En las personas, los recuerdos son sobre todo imágenes, instantáneas con más o menos color que podemos recuperar cerrando los ojos y volviendo a oler un perfume o poniendo un disco de nuevo en el reproductor: a veces, esas imágenes cobran también una traducción física y se hacen bolsas de piel bajo las pestañas, sonrisas, un melancólico color añil en el fondo de las pupilas. Igual que todos los seres vivos, las ciudades tienen sus recuerdos; y a diferencia de la de los seres humanos, la memoria de la ciudad consta siempre de materia, consiste en una serie de muescas que los sucesos y las personas han ido grabando sobre su superficie como sobre un asta. Pasear por Sevilla es introducirse en el daguerrotipo borroso que conserva de su pasado: imperios que le regalaron murallas, reyes que levantaron mezquitas, literatos y artistas que recuperaron alguna de sus calles para cristalizarla en un verso, en un bastidor de tela.
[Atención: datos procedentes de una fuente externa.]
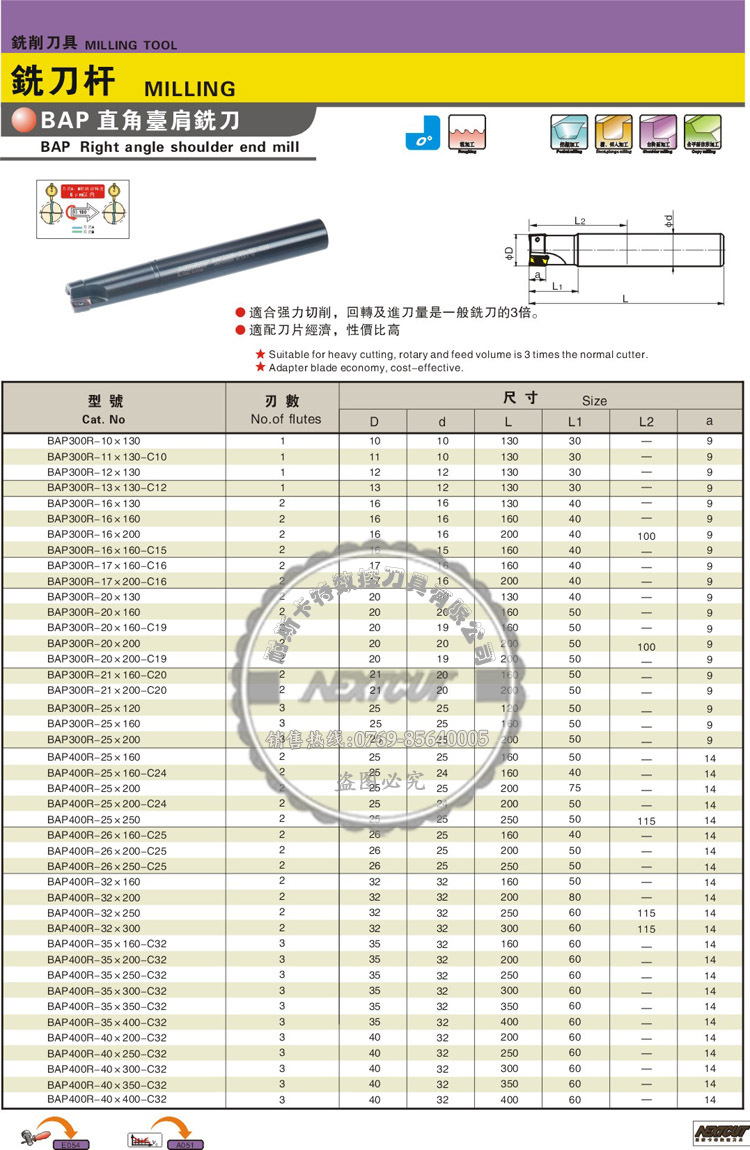 主营产品:铣刀杆/铣刀盘/非标钨钢铣刀/刀柄/镗刀/快速钻/喷水钻/带油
No menos que a quienes la engrandecieron y a quienes amamantó, Sevilla se debe a los fantasmas; pocas ciudades como ella poseen tantos inquilinos impostados, tantas criaturas del aire, de la tinta, de los pentagramas: Don Juan, Carmen, Fígaro. La Historia deja como residuos edificios suntuosos, templos e iglesias algo marchitos, torres que se extraviaron; el arte prefiere la modestia de las estatuas, que se ofrecen a los pájaros en placitas difíciles de encontrar.

Y puestos a buscar monumentos, los hay también de la frustración y del absurdo; como esos recuerdos inventados donde reconstruimos un pasaje de nuestra adolescencia que nos humilló, para creernos más valiosos: al lado del río, sigue el Estadio Olímpico de Sevilla.

Observándolo desde el coche cuando se cruza el puente del Alamillo, uno trata de acordarse del número astronómico que supuso aquel montón de cemento para las arcas municipales, pero el cerebro se extravía pronto entre los ceros: por qué será que tiene sólo cuatro o cinco años y parece viejo como un jardín mal cuidado, mucho más viejo e inútil que ese otro anfiteatro que, un poco más allá, en Itálica, sigue desmigajándose bajo la presión constante de los siglos. Supongo que, como sucede con los cuerpos, la inactividad estraga un poco más cada día a este gigante, que filosóficamente continúa aguardando en su retiro de farolas y arbolitos a que alguien le explique para qué vino al mundo: un argumento digno de Sartre. El Ayuntamiento no logra reconciliar a los dos equipos de fútbol de la ciudad ni los convence de que olviden sus sedes y se vengan aquí a celebrar su enemistad de toda la vida; la contumaz oposición de Madrid como candidatura olímpica, las oscuridades del COI y la maldad general del universo conspiran sin cesar e impiden que el estadio encuentre su sitio, se ejercite en aquello para lo que un concejal visionario lo plantó en la ribera del río. Quién sabe si algún día lo conseguirá: esperemos que para cuando vea por fin a las delegaciones internacionales pasear por sus pistas le aguanten todavía los pilares y el aburrimiento no lo haya derrumbado del todo.